[ASSIGNMENT]: With the material below, print exactly the lines between the line holding "Beaver enjoying a nice bath." and the line holding "SBM_34903 - S10 - Best In Hand Horse & Pony", inclusive. Add nothing else.

[DATA UNDER STUDY]:
Segment Open
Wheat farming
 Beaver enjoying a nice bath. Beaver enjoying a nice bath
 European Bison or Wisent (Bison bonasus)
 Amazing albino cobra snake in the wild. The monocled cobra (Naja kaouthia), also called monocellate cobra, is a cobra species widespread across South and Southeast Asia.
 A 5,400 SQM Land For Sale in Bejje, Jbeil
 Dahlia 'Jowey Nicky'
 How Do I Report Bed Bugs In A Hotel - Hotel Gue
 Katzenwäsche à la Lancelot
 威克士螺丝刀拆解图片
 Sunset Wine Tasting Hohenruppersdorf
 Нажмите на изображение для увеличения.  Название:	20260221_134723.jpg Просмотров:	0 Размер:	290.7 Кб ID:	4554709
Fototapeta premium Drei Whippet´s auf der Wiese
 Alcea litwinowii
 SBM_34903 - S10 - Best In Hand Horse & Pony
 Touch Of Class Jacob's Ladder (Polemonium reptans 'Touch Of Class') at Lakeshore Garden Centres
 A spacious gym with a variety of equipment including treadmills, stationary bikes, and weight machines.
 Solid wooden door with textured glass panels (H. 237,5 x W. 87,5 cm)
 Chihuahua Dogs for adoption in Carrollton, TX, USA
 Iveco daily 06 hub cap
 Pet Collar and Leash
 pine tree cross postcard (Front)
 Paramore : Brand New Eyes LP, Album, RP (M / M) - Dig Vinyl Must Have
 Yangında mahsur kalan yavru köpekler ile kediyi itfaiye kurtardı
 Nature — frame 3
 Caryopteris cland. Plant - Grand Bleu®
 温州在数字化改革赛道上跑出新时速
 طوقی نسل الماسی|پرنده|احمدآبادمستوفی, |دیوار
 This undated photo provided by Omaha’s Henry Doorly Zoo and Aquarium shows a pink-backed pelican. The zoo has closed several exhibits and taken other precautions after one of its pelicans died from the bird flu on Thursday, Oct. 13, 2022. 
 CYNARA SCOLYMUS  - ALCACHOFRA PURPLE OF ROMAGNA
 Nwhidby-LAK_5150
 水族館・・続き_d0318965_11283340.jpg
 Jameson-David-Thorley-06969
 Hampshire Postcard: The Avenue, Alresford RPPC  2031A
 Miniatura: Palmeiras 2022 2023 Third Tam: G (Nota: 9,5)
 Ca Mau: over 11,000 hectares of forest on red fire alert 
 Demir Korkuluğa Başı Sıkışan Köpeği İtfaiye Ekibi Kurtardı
Segment Closed
[WRITTEN RESPONSE]:
 Beaver enjoying a nice bath. Beaver enjoying a nice bath
 European Bison or Wisent (Bison bonasus)
 Amazing albino cobra snake in the wild. The monocled cobra (Naja kaouthia), also called monocellate cobra, is a cobra species widespread across South and Southeast Asia.
 A 5,400 SQM Land For Sale in Bejje, Jbeil
 Dahlia 'Jowey Nicky'
 How Do I Report Bed Bugs In A Hotel - Hotel Gue
 Katzenwäsche à la Lancelot
 威克士螺丝刀拆解图片
 Sunset Wine Tasting Hohenruppersdorf
 Нажмите на изображение для увеличения.  Название:	20260221_134723.jpg Просмотров:	0 Размер:	290.7 Кб ID:	4554709
Fototapeta premium Drei Whippet´s auf der Wiese
 Alcea litwinowii
 SBM_34903 - S10 - Best In Hand Horse & Pony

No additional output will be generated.